11.3 Cluster backups

When application-level backup tools (Velero, CloudCasa, Kasten) capture application-level Kubernetes resource definitions alongside persistent volume data, a dedicated etcd backup becomes largely redundant. The backup tooling captures per-application Kubernetes state by querying the API server directly — namespaces, Deployments, StatefulSets, ConfigMaps, Secrets, RBAC bindings, and CRDs are all included in the application backup. The cluster itself can be reprovisioned from its cluster profile (Chapter 3) using the desired-state configuration mechanisms described there. A new cluster provisioned from the profile plus application restores from backup recovers both the platform and the workloads without requiring a separate etcd restore procedure.

This is the recovery model this reference architecture uses. It is operationally simpler than etcd snapshot management and avoids the version-compatibility constraints of etcd restores (an etcd snapshot is only restorable to a cluster running the same Kubernetes version). It also aligns naturally with the GitOps model: cluster state is authoritative in Git, not in etcd.

11.4 Storage-Level Protection and the Role of CSI

The Container Storage Interface (CSI) is the standardised Kubernetes abstraction layer for interacting with storage systems, and it is what makes production-grade Kubernetes backup practical. All three backup tools covered in this chapter — Velero, CloudCasa, and Kasten — integrate with storage through CSI. CSI makes interacting with the plethora of storage solutions easier through a standardized API. In the context of backups, this enables storage-native snapshot operations to support the backup process, resulting in quicker backups with less impact on the storage system.

The specific benefits CSI brings to backup:

Snapshots without application downtime. CSI snapshots are taken at the storage layer in seconds, without stopping the application or mounting an agent into the pod. The backup window is minimised and applications remain live throughout.
True incremental backups. Some CSI drivers are starting to support changed-block tracking — only blocks that changed since the last snapshot are transferred to the backup target. This reduces backup duration, network bandwidth, and storage cost dramatically compared to copying entire volumes.
Kubernetes-native snapshot management. CSI exposes VolumeSnapshot and VolumeSnapshotContent as first-class Kubernetes API objects. Snapshots can be created, listed, and deleted via kubectl, protected by RBAC, and managed through GitOps pipelines — they are part of the cluster’s desired state, not an out-of-band operation.
Standardised restore path. A PVC can be provisioned directly from a VolumeSnapshot via the dataSource field, restoring data to a new volume with a single manifest change. This works consistently across any CSI-compliant storage provider and is how Velero, CloudCasa, and Kasten all perform volume-level restores.
Storage-vendor agnostic tooling. Because backup tools integrate through CSI rather than vendor APIs, the same backup policy works whether clusters run on cloud-managed storage or self-hosted storage — critical for hybrid and multi-cloud fleets.

Object storage is a backup gap.

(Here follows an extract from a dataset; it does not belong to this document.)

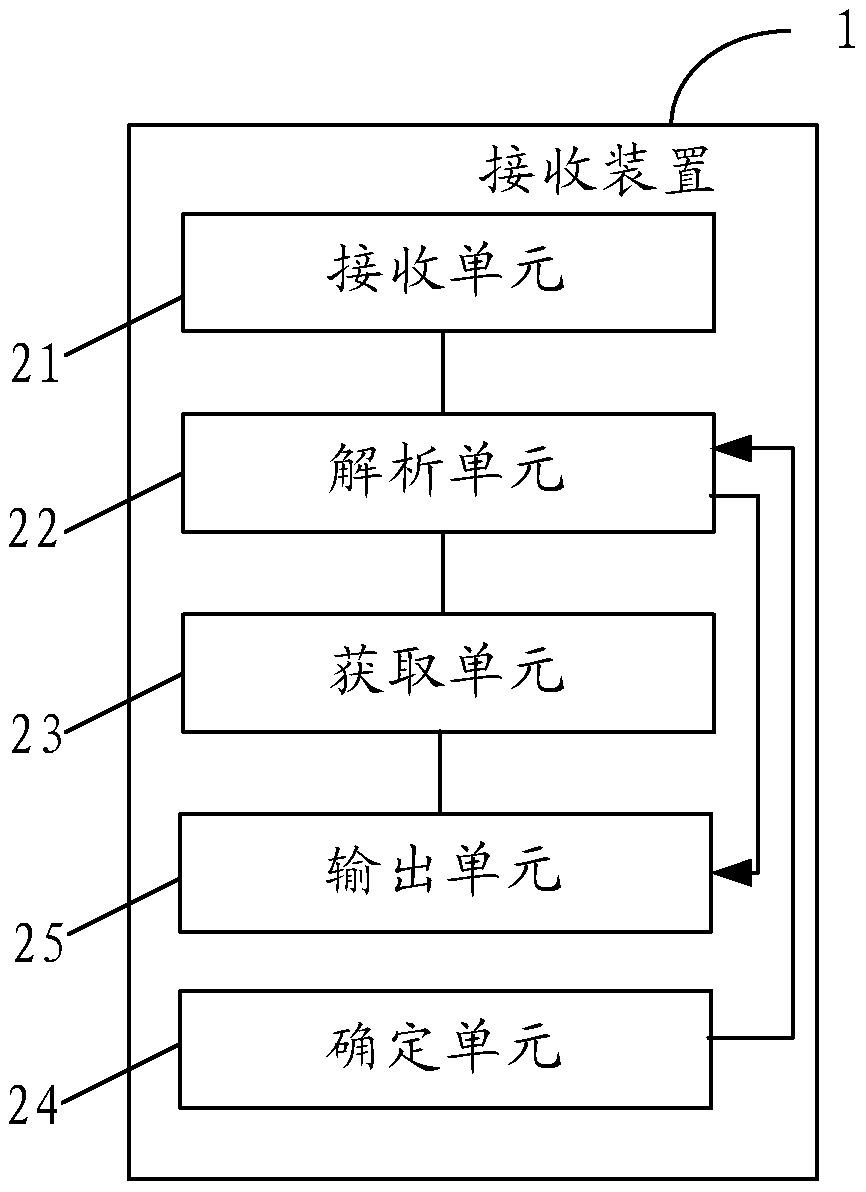 A data transmission method, device and network system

Applications increasingly use object storage as a primary data tier alongside block and file PVs. This data is not captured by CSI-based PV backup and requires separate protection. While Container Object Storage Interface (COSI) is the emerging Kubernetes standard for provisioning object storage, it’s not widely adopted, leaving a large visibility gap for object storage backup: Kubernetes nor the backup solution know about which application uses object storage.

Until this matures, cloud-provider native protection or manual bucket replication or backups must be configured outside of the backup solution to account for object storage state alongside Kubernetes resources and PV data.

11.5 Disaster Recovery Patterns

Disaster Recovery scenarios and tooling alignment. Recovery requirements vary significantly by failure type. A single namespace loss (operator error, application bug) requires namespace-level restore from the most recent backup — a capability all four scenarios provide. A full cluster loss (hardware failure, control plane corruption, accidental deletion) requires rebuilding the cluster from its profile (Chapter 3) and restoring all workloads from backup — this is the standard DR scenario. This includes recovering from the loss of a management cluster, uses the same mechanisms but can be more complex since various low-level dependencies (such as identity) may not be available during restores. Architect the backup solutions to not be dependent on any service provided by the management cluster, or any other clusters it’s protecting.

A regional loss requires replicated backup data in a different region and — for zero-RPO requirements — synchronous data replication at the storage or database layer, which backup tools do not provide, and are outside the scope of this guide.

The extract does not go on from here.